[Recorded information]
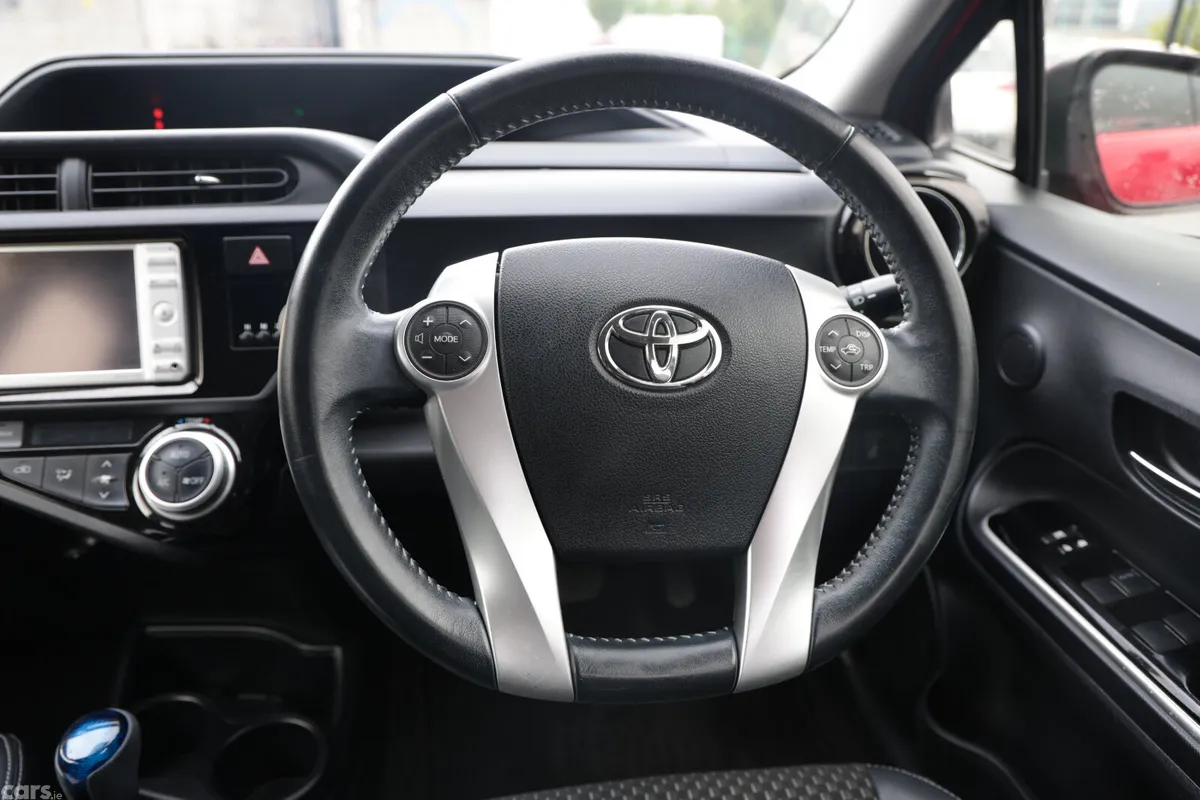 Toyota Aqua Hatchback, Petrol Hybrid, 2015, Red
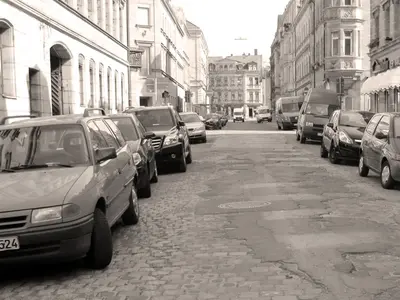 Schwarz-Weiß-Bild der Ottostraße in der Innenstadt vor der Sanierung.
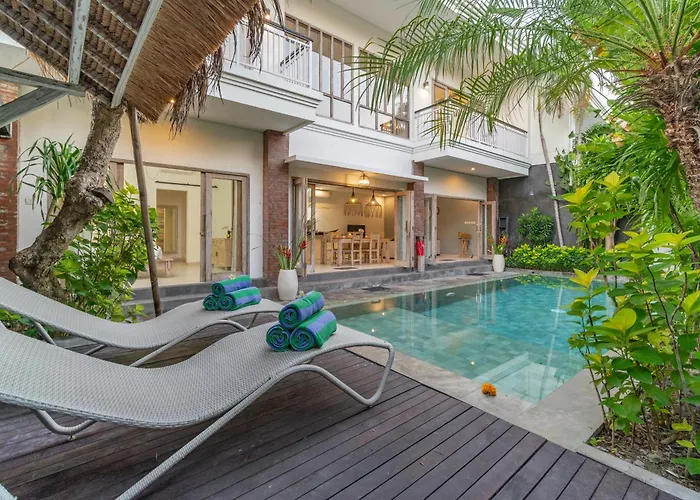 Stuning Private Villa Indah Seminyak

[Work task] Each line from the one containing "Schwarz-Weiß-Bild der Ottostraße" through the end of the listing is to be set down exactly, with all pictures left out.

[Response to the exercise]
 Schwarz-Weiß-Bild der Ottostraße in der Innenstadt vor der Sanierung.
 Stuning Private Villa Indah Seminyak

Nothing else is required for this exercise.